I've had the, um, privilege of benchmarking a few of the new up-and-coming ARM server systems and chips. It's pretty neat to be able to have four quad-core servers, each with 4GB of memory, pulling a total of 40W or so. That's a great system for a web server farm.
The problem is when you compare the throughput vs performance for high performance computing. For a few workloads, the new ARM systems compare favorably - giving a small edge in work done per watt. The performance advantage per watt in these workloads is usually less than 5%.
The best-case for the ARM systems, under workloads that are most ideal for the ARM systems in question: 105% of the performance for the same power draw.
If your workload doesn't scale to a large number of cores easily, or has a large amount of inter-process communication, the current ARM systems are hopeless. Even with a supposedly high-performance backplane in a chassis hosting around 40 ARM nodes, it was soundly trounced by one x86_64 node.

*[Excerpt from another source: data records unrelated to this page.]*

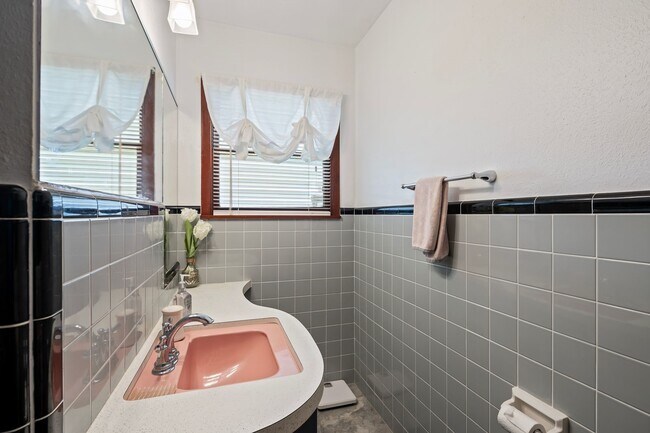 Building Photo - 6728 Avenue Q
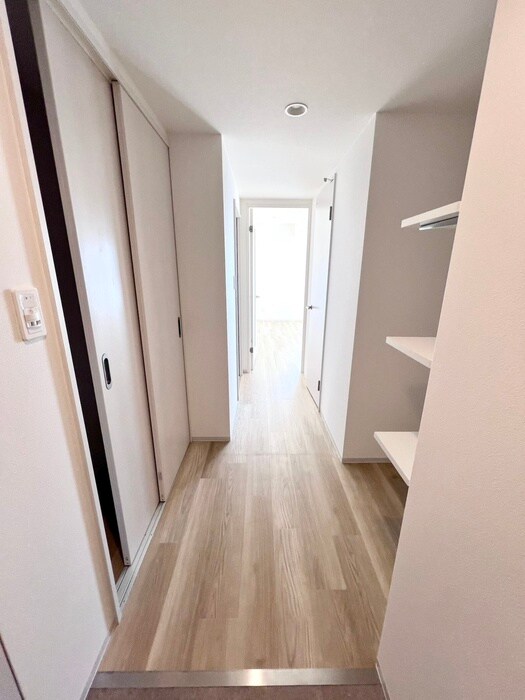 物件内観写真19　(廊下)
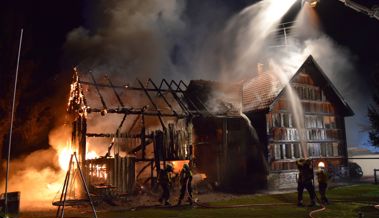 Scheune brannte in Heiden – Feuer griff auf Wohnhaus über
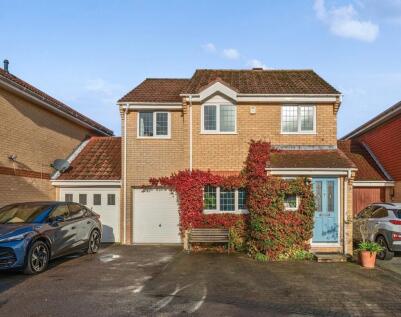 Kayak Close, Warsash, Fareham, Hampshire, SO31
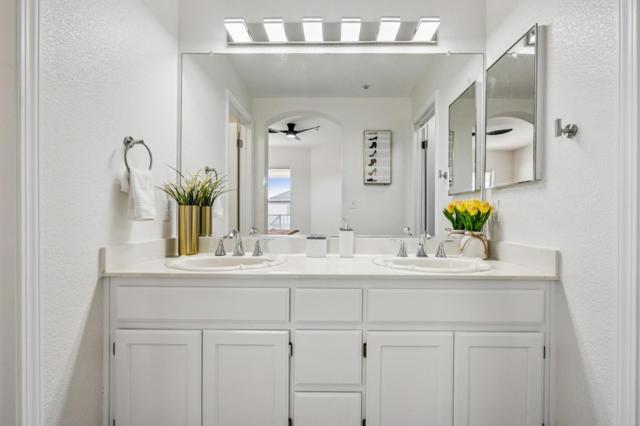 200 Baltic Circle, Redwood City CA: https://media.crmls.org/mediaz/4160c29c-69a6-4e90-963c-0e6d89355092.jpg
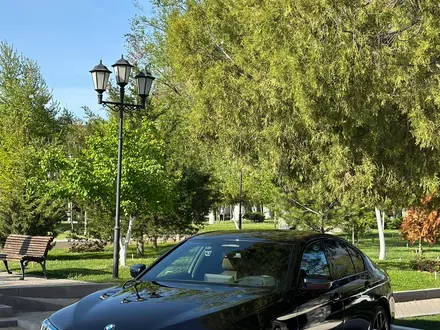 BMW 530 2023 года за 25 500 000 тг. в Алматы – фото 4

Note this is for a cluster system, so many x86_64 and ARM nodes are being used for the benchmark.
One node X86-64 can handle the workload of 40+ ARM nodes. Granted, you can fit 40+ ARM nodes in a 3U chassis, but it's still a lower overall compute density than with 1U x86_64 nodes. Simply throwing more cores at the problem doesn't necessarily give you the gains you'd think.
While ARM is theoretically capable of better performance/watt, it's impossible to get anything resembling theoretical in a supercomputing application. Any advantage ARM has in performance/watt is eaten up by the overhead of having to use so many (slower) cores. Very few workloads scale linearly as you throw in more cores, as various overheads (MPI, network, etc.) decrease the overall efficiency dramatically.

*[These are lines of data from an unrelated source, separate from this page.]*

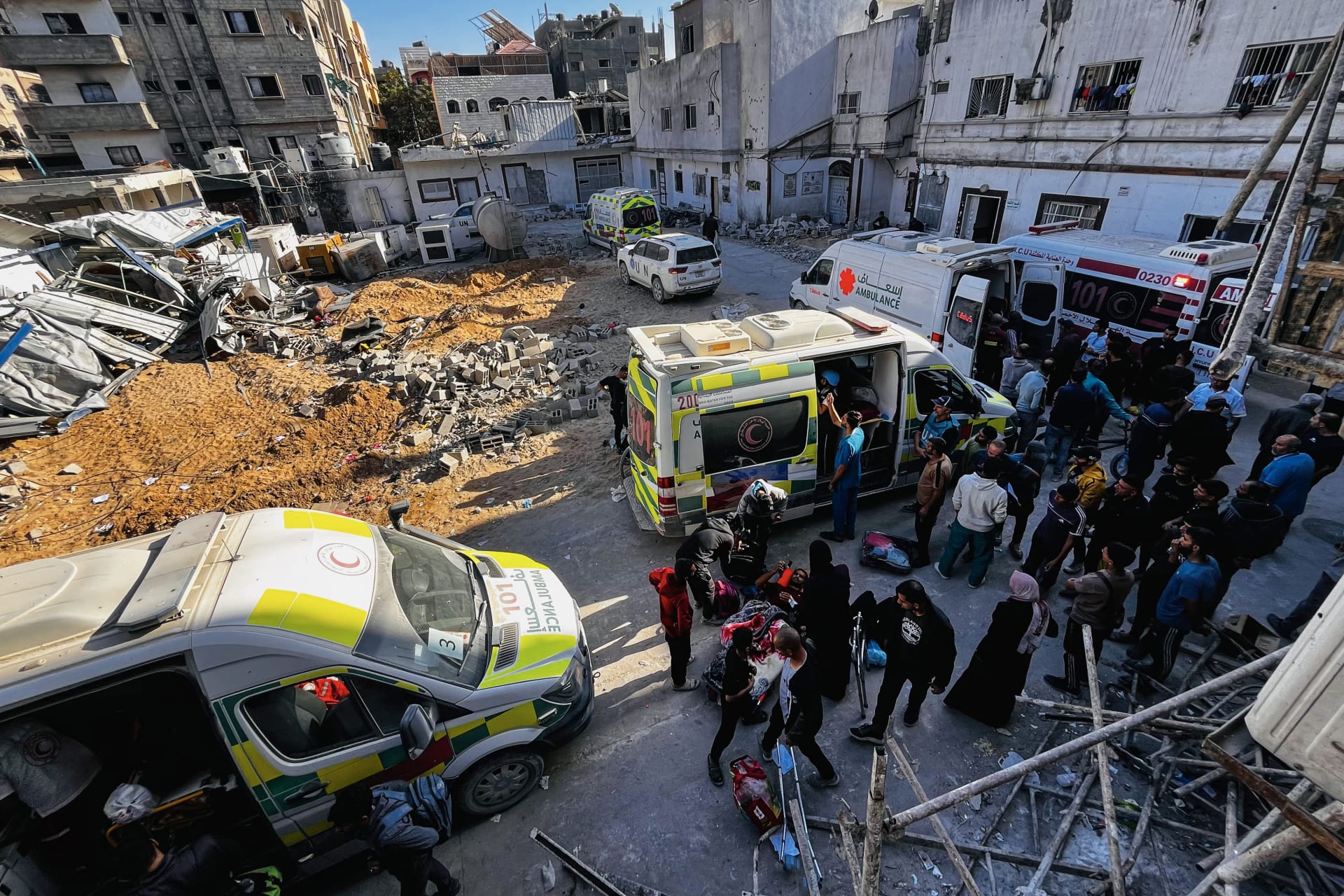 مسعفون يخلون جرحى ومرضى سرطان من مستشفى كمال عدوان في بيت لاهيا شمال قطاع غزة - 28 أكتوبر/تشرين الأول 2024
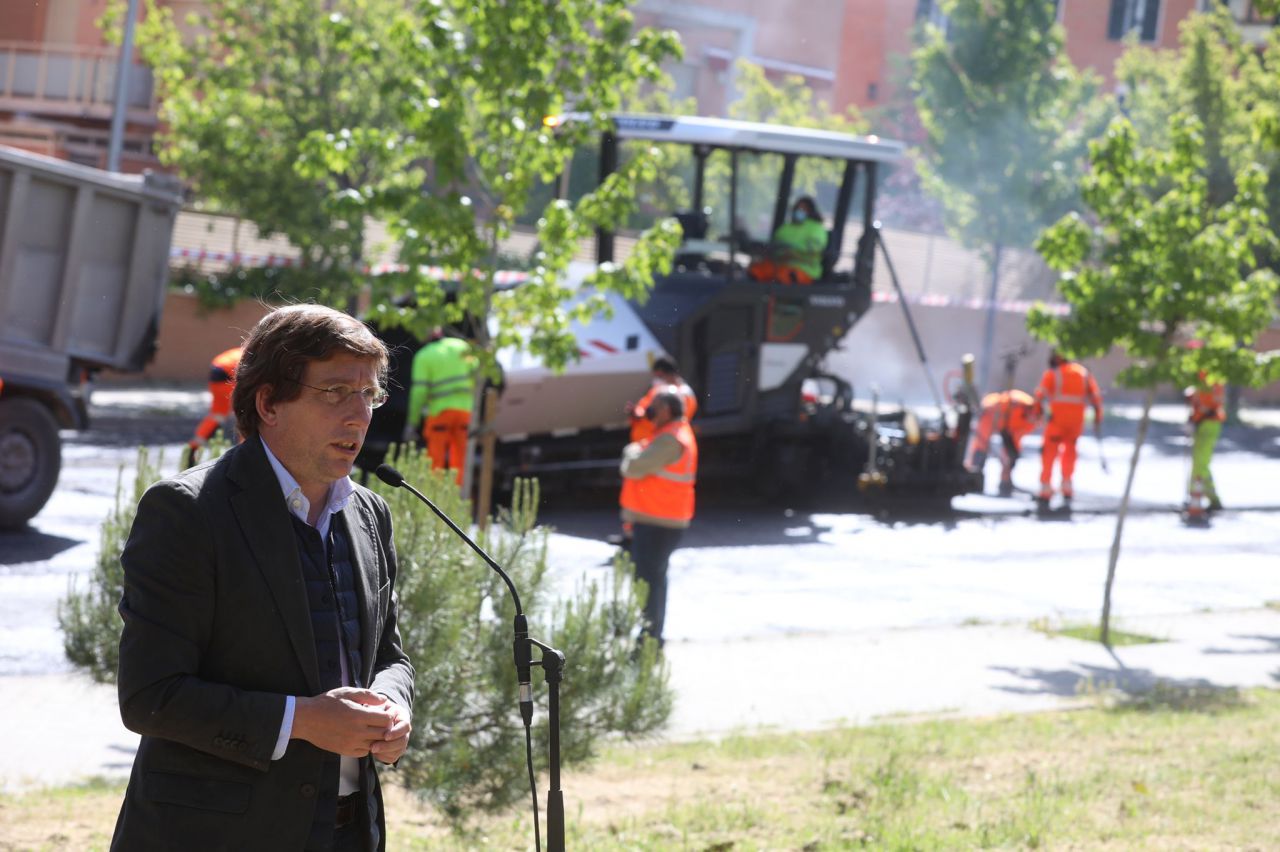 El alcalde, José Luis Martínez-Almeida, presenta la Operación Asfalto 2021, junto a la delegada de Obras, Paloma García Romero, y la concejala de Moncloa Aravaca, Loreto Sordo.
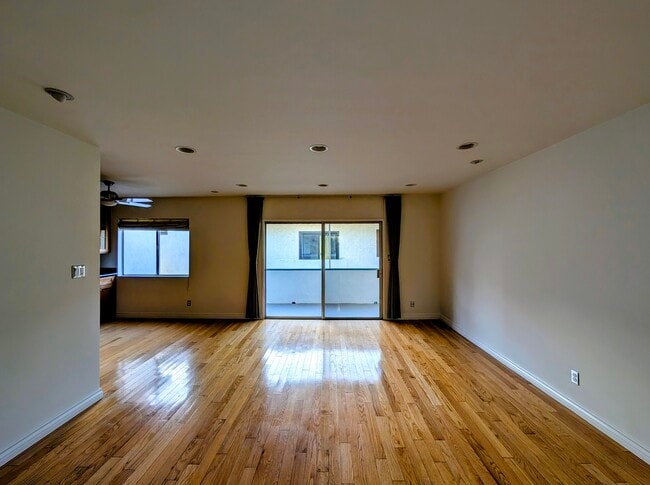 Photo - 1119 15th St Unidad Santa Monica Condominium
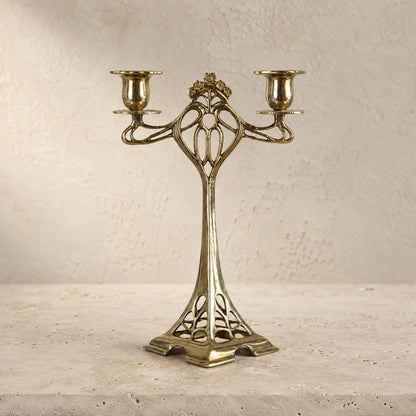 Candélabre Art Nouveau deux lumières en laiton doré poli, vue d'ensemble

Currently, you can't use ARM for memory-hungry applications, as you'll hit the 4GB limit. 64-bit ARM is promising, but it's also not for sale.
The best performance per watt for supercomputing workloads is still found in accelerators, such as GPU's or Intel's Xeon Phi.

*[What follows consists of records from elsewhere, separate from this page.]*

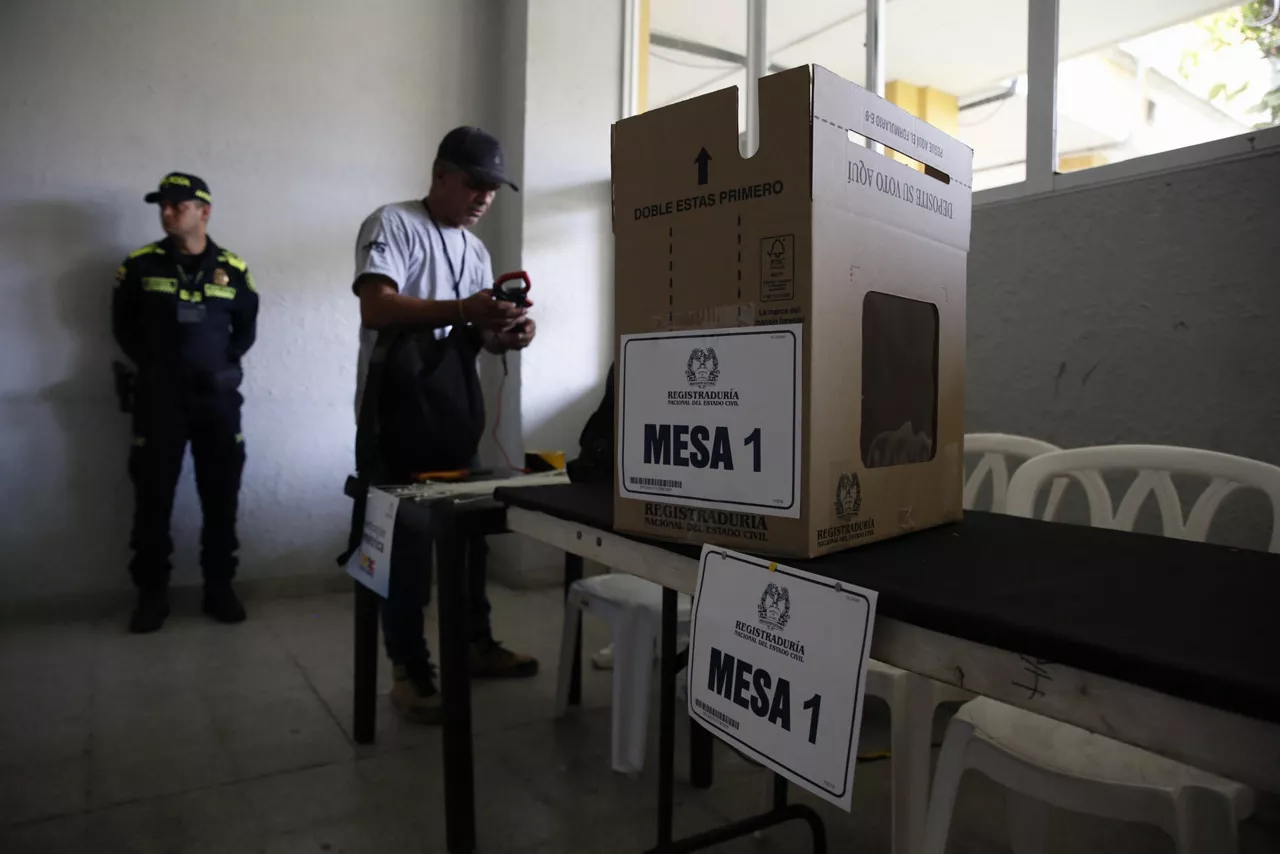 AME6951. BARRANQUILLA (COLOMBIA), 30/05/2026.- Fotografía que muestra una mesa de votación, este sábado en Barranquilla (Colombia). Las autoridades colombianas ultiman los preparativos para la primera vuelta de las elecciones presidenciales del domingo en las que se elegirá al sucesor del actual mandatario, Gustavo Petro, y para las que están habilitados para votar 41.421.973 ciudadanos, incluidos los residentes en el exterior. EFE/ Ernesto Guzmán
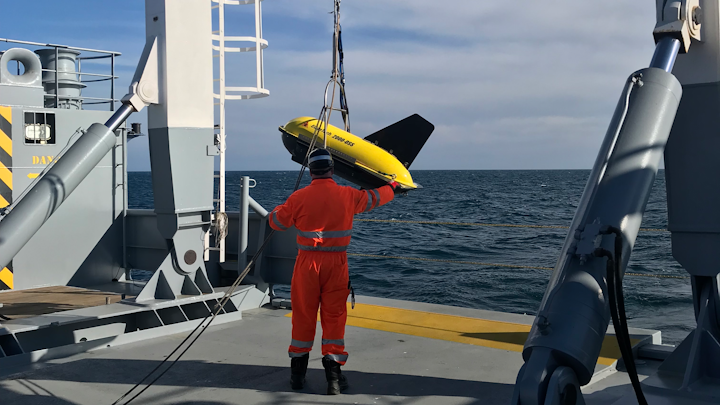 A towed side-scan sonar and sub-bottom profiler solution was deployed in the Black Sea.
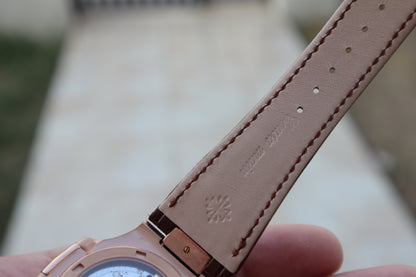 باتيك فيليب نوتلس ليثر ستراب بني- الترا ماتش طبق الأصل (حبة واحدة بالعراق)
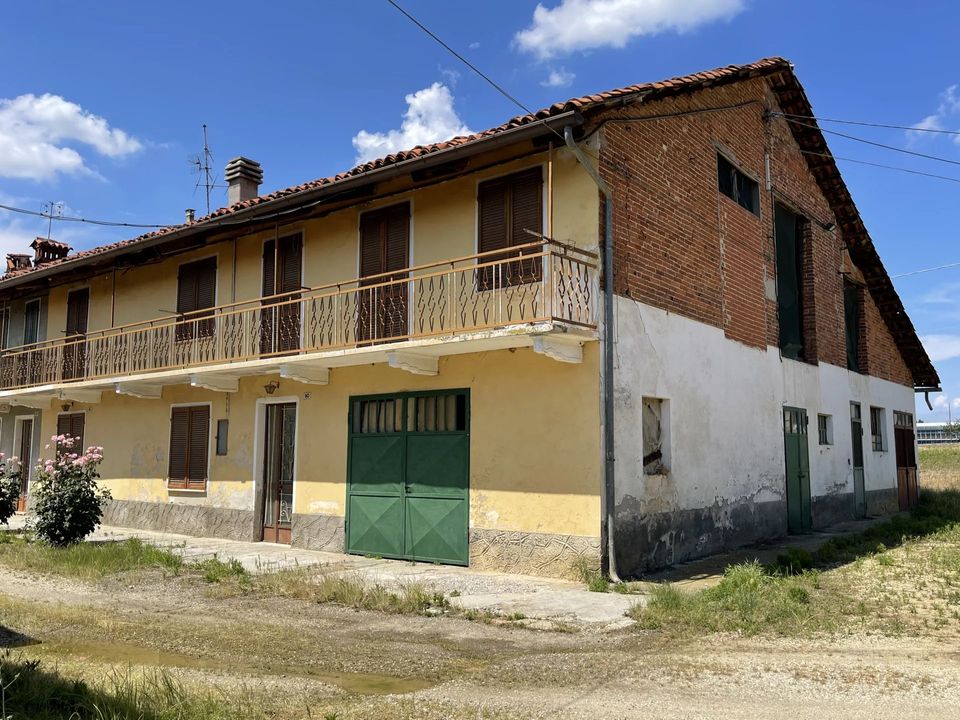 Villa i Baldissero d'Alba, Cuneo - foto 1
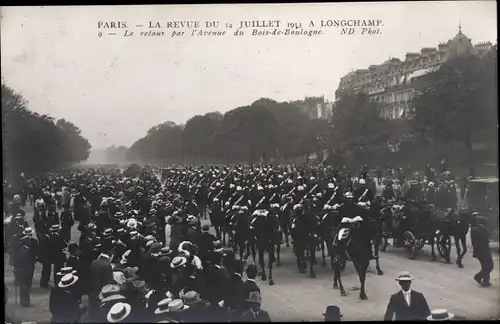 Ak Paris, La Revue vom 14. Juli 1913 in Longchamp, Die Rückkehr über die Avenue du Bois-de-Boulogne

ARM is very promising for many datacenter type workloads, where there are a large number of unrelated, independent processes, such as a farm of web servers. (Any database backend is, however, a different matter).
While slightly OT (as it's a non-supercomputing application): What if you want to use an application that uses Java server-side? Forget it. The current ARM JVM's (both openJDK as well as Oracle's) both appear to lack JIT; the only way to get Java to have a similar performance/watt between ARM and x86_64 is to disable JIT on x86_64. This is largely a software issue, but until it's fixed, forget about Java on an ARM server.